Daily Archives: 2008-08-29

An A to Z of confusion

A few days ago I blogged about my paper on email spam volumes — comparing “aardvarks” (email local parts [left of the @] beginning with “A”) with “zebras” (those starting with a “Z”).

I observed that provided one considered “real” aardvarks and zebras — addresses that received good email amongst the spam — then aardvarks got 35% spam and zebras a mere 20%.

This has been widely picked up, first in the Guardian, and later in many other papers as well (even in Danish). However, many of these articles have got hold of the wrong end of the stick. So besides mentioning A and Z, it looks as if I should have published this figure from the paper as well…
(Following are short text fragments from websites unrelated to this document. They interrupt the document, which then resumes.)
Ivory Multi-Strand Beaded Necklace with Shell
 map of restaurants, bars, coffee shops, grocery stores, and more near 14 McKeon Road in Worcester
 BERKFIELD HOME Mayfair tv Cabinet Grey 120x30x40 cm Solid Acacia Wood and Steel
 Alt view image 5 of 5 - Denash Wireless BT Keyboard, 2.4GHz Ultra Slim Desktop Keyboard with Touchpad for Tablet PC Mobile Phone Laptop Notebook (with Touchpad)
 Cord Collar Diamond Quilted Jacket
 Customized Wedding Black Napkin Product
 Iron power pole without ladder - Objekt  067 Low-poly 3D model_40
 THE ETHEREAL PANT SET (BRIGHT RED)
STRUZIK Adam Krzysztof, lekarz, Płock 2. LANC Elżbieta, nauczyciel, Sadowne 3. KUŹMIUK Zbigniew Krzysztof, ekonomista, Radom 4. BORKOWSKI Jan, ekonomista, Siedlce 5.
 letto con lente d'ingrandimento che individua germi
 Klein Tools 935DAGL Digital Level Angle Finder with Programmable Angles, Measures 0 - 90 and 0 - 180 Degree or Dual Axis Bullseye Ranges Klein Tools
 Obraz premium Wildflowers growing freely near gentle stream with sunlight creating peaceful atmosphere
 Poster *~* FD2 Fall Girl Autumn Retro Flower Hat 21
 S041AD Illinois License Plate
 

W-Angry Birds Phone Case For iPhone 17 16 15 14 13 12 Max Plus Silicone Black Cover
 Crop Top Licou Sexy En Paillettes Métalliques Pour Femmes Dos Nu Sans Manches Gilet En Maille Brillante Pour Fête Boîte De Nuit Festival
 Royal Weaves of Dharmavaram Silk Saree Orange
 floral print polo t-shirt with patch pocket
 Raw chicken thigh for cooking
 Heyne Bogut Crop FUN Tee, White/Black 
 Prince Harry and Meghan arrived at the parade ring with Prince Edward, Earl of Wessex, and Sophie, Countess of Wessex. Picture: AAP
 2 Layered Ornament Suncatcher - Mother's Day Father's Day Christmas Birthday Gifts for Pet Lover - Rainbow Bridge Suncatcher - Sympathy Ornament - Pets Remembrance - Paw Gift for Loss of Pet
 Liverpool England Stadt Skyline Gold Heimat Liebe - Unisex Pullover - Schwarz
Figure 3 from the academic paper

… the point being that the effect I am describing has little to do with Z being at the end of the alphabet, and A at the front, but seems to be connected to the relative rarity of zebras.

As you can see from the figure, marmosets and pelicans get around 42% spam (M and P being popular letters for people’s names) and quaggas 21% (there are very few Quentins, just as there are very few Zacks).

There are some outliers in the figure: for example “3” relates to spammers failing to parse HTML properly and ending up with “3c” (a < character) at the start of names. However, it isn’t immediately apparent why “unicorns” get quite so much spam, it may just be a quirk of the way that I have assessed “realness”. Doubtless some future research will be able to explain this more fully.